MUST READ: Fast and Simple Disaster Recovery Solution
More than a year ago I was enjoying a cool beer with my friend Nicola Modena who started explaining how he solved the “you don’t need IP address renumbering for disaster recovery” conundrum with production and standby VRFs. All it takes to flip the two is a few changes in import/export route targets.
I asked Nicola to write about his design, but he’s too busy doing useful stuff. Fortunately he’s not the only one using common sense approach to disaster recovery designs (as opposed to flat earth vendor marketectures). Adrian Giacometti used a very similar design with one of his customers and documented it in a blog post.
TL&DR Summary:
- Layer-3 DCI
- No stretched VLANs
- Simple storage replication between sites
- Recovery site is in ready-to-go hot standby. Storage is ready, networking is ready, all it needs are the virtual machines
- Production and Recovery VRFs use the same IP addressing internally. They are never connected directly.
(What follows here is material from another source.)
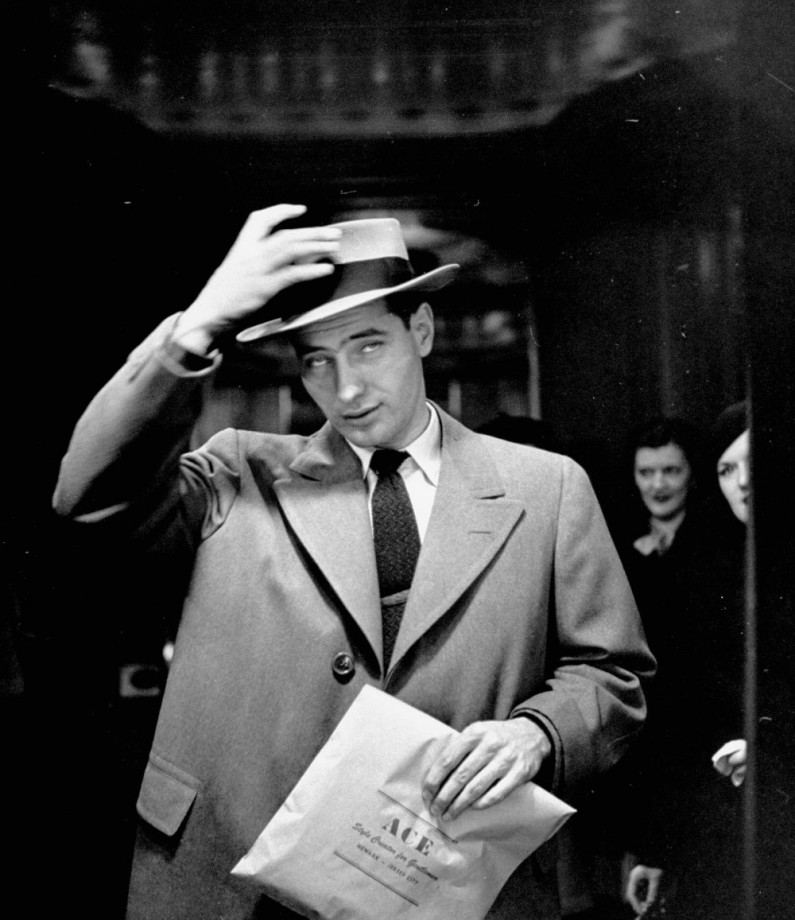 Man setting his hat in place in front of trick mir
- He complicated the design a bit with NAT and probing-based DNS. I’m positive it would be possible to get rid of these requirements following Nicola’s approach.
He concluded his blog post with three rhetorical questions that I couldn’t resist answering:
Is technology evolving or is just a pile of old stuff rebranded by new developers?
It’s just a pile of old stuff (see also RFC 1925 rule 11). Unfortunately most developers don’t care about history and thus repeat its mistakes ad nauseam.
Why haven’t I seen these scenarios before? I know it might sound weird, but it is completely viable as a basic case of study.
Because these scenarios don’t fulfill two requirements:
- You can’t fake disaster recovery testing with them, because it’s impossible to move a single VM to the other site, claim “mission accomplished”, and go home.
- These designs don’t make any money for the networking or virtualization vendors – they work well on any gear that supports VRFs, and are not complex enough to justify selling new gear.
How far away were we from having an active-active scenario?
Very very far. More in an upcoming blog post.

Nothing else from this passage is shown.